Ali, a lawyer and commentator, recently contributed to a report which details the rise of what he refers to as the "Islamophobia network." He feels this network has actively spread anti-Muslim lies, such as President Obama's alleged Islamic beliefs or the idea of "creeping Shari'a," the notion that American Muslims seek to institute Shari'a in American courts.
"This rhetoric is not cost-free," he said, citing the rise in anti-Muslim hate crimes.
Julie MacFarlane, a law professor at the University of Windsor in Canada, presented research proving that the idea of "creeping Sharia" is not only false but unrealistic. Through surveying North American Muslims, she found that for them, "Sharia is a matter of private conscience, not public enforcement."
"It is not uncommon to hear that there is a Shari'a for every Muslim," she said.
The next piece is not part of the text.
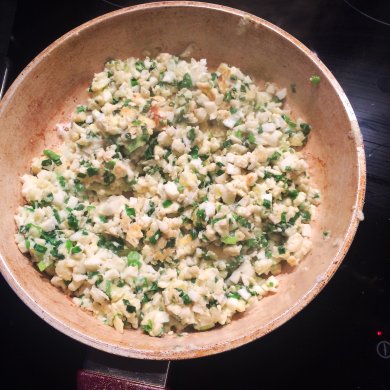 Слоеные пирожки с луком и яйцами - Шаг 3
Despite these findings, about 30 states have proposed bills or amendments that claim to defend the American judicial system from Muslim imposition of Shari'a.
Islamic studies scholar Lee Ann Bambach, the third panelist, shared the story of state representative Gerald Gay of Wyoming, who defended a proposed constitutional amendment in his state as a "preemptive strike" against the Sharia threat to his government. Wyoming has a Muslim population of 263 individuals.
Bambach said that she believes these laws are aimed at attacking Muslims, since the Constitution's Establishment clause would prevent courts from officially recognizing Shari'a regardless.
Although all three presenters had their doubts about Islamophobia ending in the short term, Ali looked to history for a good omen.
"These fearmongers always become the villains of our children's history books. Let's hope that happens in this case," he said.
The panel was the first in a series sponsored by the Center for the Study of Gender and Sexuality.